The American public has gotten more educated and involved in their healthcare, and new policies must address their needs, the former CMS head said
In the closing keynote at the World Health Care Congress, Andy Slavitt, former Centers for Medicare & Medicaid Services (CMS) Administrator, reflected on the successes and failures of the Affordable Care Act (ACA) while keying in on how new healthcare policies could meet the expectations of the American public.
Slavitt, who headed CMS from March 2015 until January 2017 as an Obama administration appointee, looked back to 2013 when he called officials in Washington, D.C., offering them help fixing the problematic rollout of healthcare.gov. "I thought there would be 20 other people calling [to offer help], but I think I was the only one," Slavitt said to a room full of laughing attendees.
Slavitt said they key to healthcare reform is not as simple as having a big idea or a set of policies, but rather executing on them and having the various stakeholders working together to figure out how to make healthcare work better. "Whatever we do in healthcare will work or not work based on if you execute it well. I'm a believer that [most things] are 90 percent about how you execute," he said. As such, the idea in the Obama administration was to make the next leg of reform about execution. "We talked about healthcare year after year, but nothing was changing. Then we got the ACA, which I think accomplished some things but not other things," he said.
Speaking to the healthcare law's successes, Slavitt said that for years and years the number of uninsured people in the country stayed constant for as long as he could remember, but then all of a sudden that changed. "Ultimately, that uninsured rate cut in half. Every day when I was at CMS, I would wake up and check my email box and would read emails from Medicare, Medicaid, or ACA beneficiaries, reading about their lives. These were long emails and tough issues. But you could get a real feel for things and the peace of mind [that having coverage] gave [people]."
Slavitt also noted how, under the ACA, a positive dent was made in healthcare costs, trends, and quality. "We have a long ways to go and one would hope that's our major area of major focus as a country, but we have had the lowest medical cost trend over the last seven years and for the first time, 90 percent of our quality measures have improved every year, seven years running. So we didn't sacrifice those things in order to cover people," he said.

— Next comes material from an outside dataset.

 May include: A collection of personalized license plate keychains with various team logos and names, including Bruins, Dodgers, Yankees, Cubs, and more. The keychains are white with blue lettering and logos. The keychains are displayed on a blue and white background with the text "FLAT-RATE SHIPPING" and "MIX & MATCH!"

Showing fairness, Slavitt also touched on what did not work with the ACA—failures which he said are too much the focus of Congress right now. For one, the ACA didn't you go far enough to provide subsidizes and support to the middle class, which was a result of the ACA's creators instead wanting to put $100 billion more toward the federal surplus. "That was a mistake," Slavitt admitted, adding that the risk pool was sicker than what was expected. Second, he noted how the ACA didn't figure out competition very well. While the ACA is a free market model, even full-on believers of free markets know that markets break, are not perfect, and don't always have enough competition, he explained. "Healthcare is not one market, but 305 little geographic markets, so you can look at different parts of the country and see that in rural Alaska and rural Nebraska, there's just not enough competition. What's the fallback mechanism? Last year it was [us] picking up the phone and asking insurers if they would enter [these] markets." The third thing that the ACA failed at, according to Slavitt, was that it did not prevent all of the people who wanted to take part in the ACA from doing so.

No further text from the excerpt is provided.